Fine-grained classification methods must distinguish between very similar categories, such as the make and model of a car (Toyota Corolla vs Nissan Leaf) or the species of a bird (Indigo Bunting vs Blue Grosbeak). This requires learning subtle discriminative features, for example, the car manufacturer logo, or the special patterns on a bird’s beak. However, such features are challenging to extract when test images are coarse and have low effective resolution (see Figure 1). We ask, is it still possible to rely on fine details to identify the category of interest as these details become blurred and diminished?
Existing approaches to fine-grained classification [1, 2] use convolutional neural networks (CNNs) to learn such discriminative feature representations. Visualizations [3, 4] have shown that middle layers of CNNs give rise to features such as logos or object parts, while higher layers capture overall object configuration. However these methods typically assume that both the training and test images are sufficiently high-res (e.g., 227-by-227 pixels). In real world applications, images of test objects can be much smaller, e.g., 50-by-50 pixels or less, or could have low effective resolution due to blurring, lighting or other effects. Models trained on high-res data fail miserably in these scenarios due to the considerable appearance shift between training and test data. On the other hand, training on matched low-res data results in representations that lack discriminability and obtain inferior accuracy.
In this paper, we show that it is possible to transfer the knowledge about discriminative features from the high-res domain to the low-res domain and significantly improve accuracy. Our assumption is that high-resolution labeled data is available for training, while at test time only low-resolution data is given. We propose a simple staged training procedure that first trains the representation on high-res data, learning discriminative mid-level features.

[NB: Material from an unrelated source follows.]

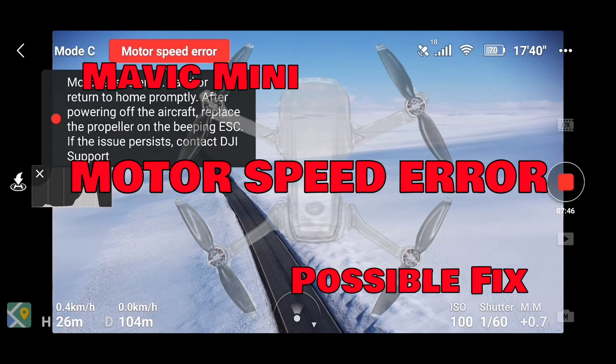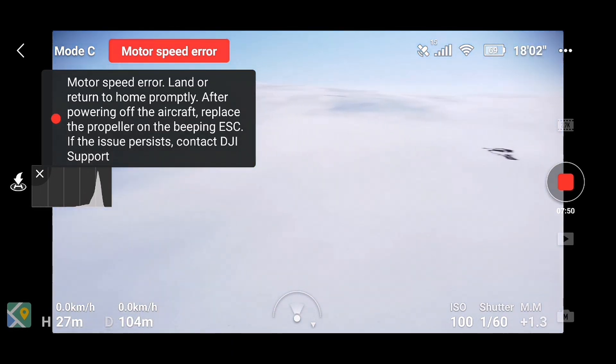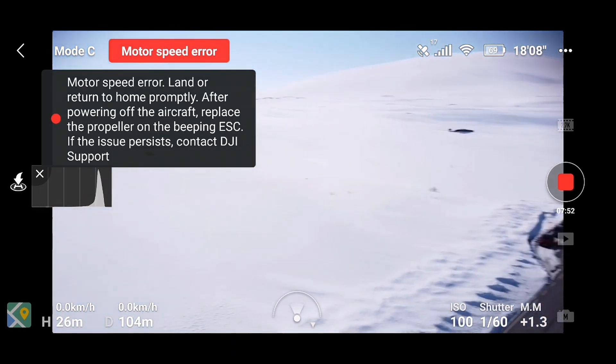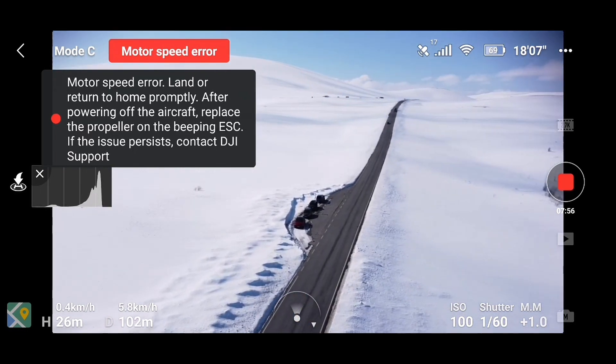If you got the same motor speed error that I got, you can try to change the propellers and update the firmware with the DJI Assistant too.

It then artificially lowers the resolution of the training data to match the test domain, and continues fine-tuning the representation, adapting discovered discriminative features to the target resolution.

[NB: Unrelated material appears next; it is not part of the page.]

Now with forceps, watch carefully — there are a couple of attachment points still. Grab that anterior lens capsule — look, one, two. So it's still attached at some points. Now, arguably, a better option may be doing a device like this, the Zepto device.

We compare our approach to conventional training, and also to traditional methods for super-resolution. Super-resolution attempts to improve the quality of low resolution images, for example, through the application of cross-scale patch redundancy. One approach is to use super-resolution on the low-res images before applying the classifier network. As we show, super-resolution approaches complex and time consuming compared to our method, and cannot handle the large variations in resolution that occur in practical scenarios. Through extensive experiments on the Stanford Cars  and Caltech-UCSD Birds (UCB-200-2011)  datasets, we demonstrate the advantage of our approach over existing methods.
2 Related Work
The traditional approach to recovering high frequency details from a low-resolution image is referred to as the “super resolution” method. Example-based super-resolution methods [8, 9] work on a set of low-resolution images of the same scene. More recent work leveraged sophisticated methods to recover the lost details from a single image.  proposed a unified framework to employ in-scale patch redundancy and cross-scale patch redundancy, based on the observation that patches in natural images tend to redundantly recur, both at the same scale and at different scales. 
proposed a learning-based approach to improve low-resolution face recognition performance with locality preserving mappings. These approaches are heavily dependent on repeated information in a single image or across a batch of images, and do not focus on classification. In contrast, our method directly improves fine-grained classification performance by utilizing rich discriminative information in fine-scale training images.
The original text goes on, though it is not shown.